I was provided Stepping Into Science by Timberdoodle in exchange for an honest review. I received no compensation for this post. Post may contain affiliate links.
Stepping into Science Kit Review
What is the Stepping Into Science Kit?
Stepping into Science is a science kit designed for kids ages 5 and up. This kit includes an experiment manual with 25 experiments, and many (but not all) of the items needed for the experiments. The manual includes one page of warning and “Rules for Experimentation” and one page titled, “Dear Parents”. This page is mostly talking about how children develop and why experimenting is good for them…but not a whole lot of direct information or instructions for parents.
The instructions for the experiments themselves rely more on photos and illustrations than written instructions…something which I found slightly annoying. The experiments were simple, but a paragraph or two of instructions for parents would have been appreciated. You can view a preview of the manual here to see exactly what I am talking about.

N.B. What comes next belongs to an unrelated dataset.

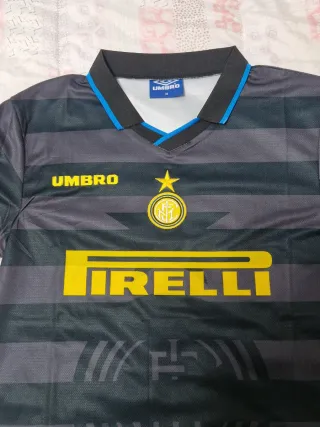 Maglia Inter Umbro Pirelli 1997/98 Tg M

How Much Prep Does this Science Kit Need?
This preschool science kit doesn’t require a lot of prep work, but it does involve some. Don’t be like me and expect to sit down, open the kit, and start experimenting with your eager little learners. Take 5-10 minutes to go over the instructions and prep anything that needs to be prepped. For instance, for the Spinning Colors experiment (which the boys loved), a couple of items need to be punched out. I actually recommend punching all the pieces out at once and storing a sandwich bag, or better yet these waterproof zipper pouches. We use these a ton around our house.
What Does Stepping Into Science Include?
Here is a picture of what is included in the Stepping into Science Kit. I have to be honest, I was underwhelmed by what was included. The experiments we tried consisted of making paper airplanes (from provided colored papers with fold lines). The boys enjoyed it but I felt like we could have accomplished exactly the same thing with just regular paper especially since the “instructions” didn’t offer much guidance or support.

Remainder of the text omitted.